De façon générale, quelques défis reviennent systématiquement quand il s’agit de fintech en Afrique. Le premier concerne l’accès aux financements. Aujourd’hui on a 4 pays africains qui concentrent près de 90% des levées de fonds en Afrique. Il y a donc de nombreux écosystèmes qui restent en manque de financement et qui ont des difficultés à attirer les VC. Le deuxième défi , concerne l’aspect réglementation. Comment adapter le cadre réglementaire pour que les fintech puissent opérer à la fois dans leur pays et dans les autres pays du continent. On voit aujourd’hui de plus en plus d’initiatives qui permettent à ces fintech d’opérer et d’être interopérables dans toute une région. Le troisième et dernier défi, c’est la capacité de répondre à un certain nombre de besoins. Aujourd’hui, les fintech ont atteint un certain niveau de maturité sur le marché africain les nouvelles fintech sont à la recherche d’uses cases innovantes pour se différencier et continuer à apporter de la valeur.
Pourquoi cet intérêt pour les fintech aujourd’hui ?

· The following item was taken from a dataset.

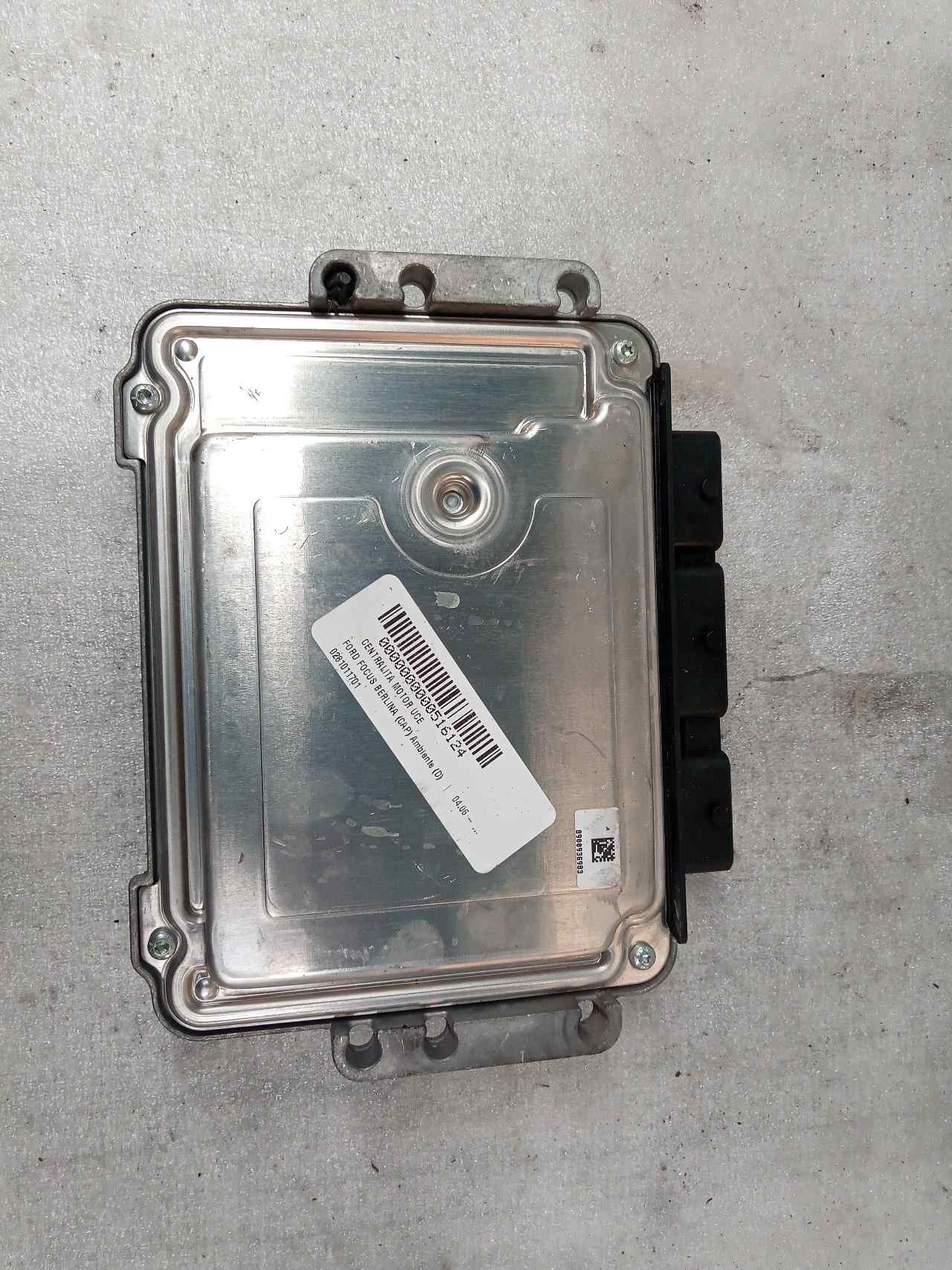 FORD Focus 2 generation (2004-2011) Moottorin ohjausyksikkö ECU 0281011701 24829039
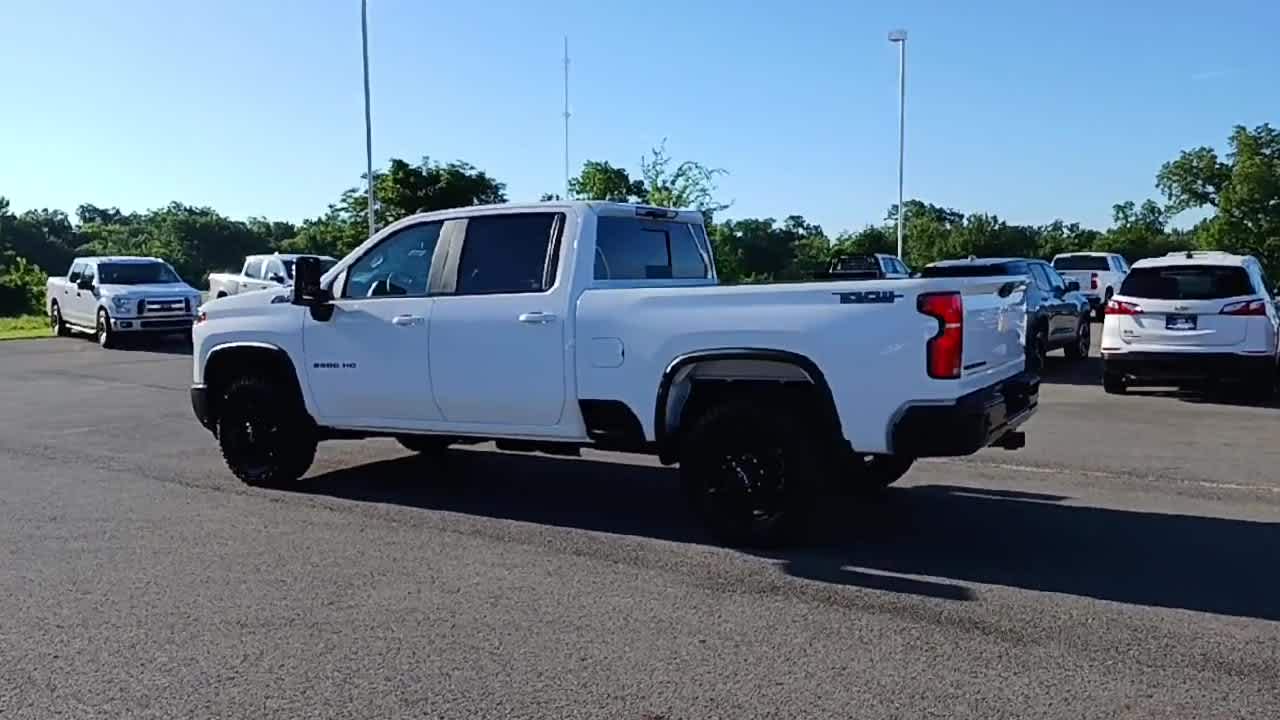 2025 Chevrolet Silverado 2500HD LT photo 6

Pour plusieurs raisons. En premier lieu, le taux de bancarisation qui reste globalement faible en Afrique. Les fintech apportent une alternative pour inclure ces populations d’abord financièrement puis économiquement et ça c’est important, parce que quand on regarde les PIB , les taux de croissance des pays africains, il y a une marge de développement vraiment importante et les fintech peuvent jouer un rôle essentiel dans sa réalisation. Le deuxième volet est l’inclusion sociale. Ces populations qui vont être incluses financièrement, économiquement, qui vont sortir du secteur formel, vont pouvoir avoir une sécurité sociale, avoir une identité numérique et accéder à un certain nombre de services sociaux. Enfin, parce que les fintech représentent un levier de développement pour d’autres secteurs de l’économie réelle en Afrique, notamment la santé et l’éducation … En synthèse, la Fintech aujourd’hui c’est une façon d’inclure économiquement, socialement, financièrement, des personnes qui ne le sont pas et de permettre ainsi l’accélération de plusieurs secteurs économiques
*Aymen Mtimet est Partner Advisory au sein de Deloitte Afrique Francophone, spécialisé en stratégie et croissance économique. Titulaire d’un MBA en Finance de la Sorbonne Business School et d’un Diplôme en administration des entreprises de l’université Paris 1, il a plus de 17 ans d’expérience en Europe et en Afrique dans l’accompagnement du secteur public et privé dans leur transformation.
Il a dirigé de nombreuses réformes des stratégies publiques, en particulier liées à l’inclusion financière et à l’innovation. Il a notamment conduit de nombreux programmes de développement stratégique et opérationnel, en particulier auprès des institutions financières et des bailleurs de fonds.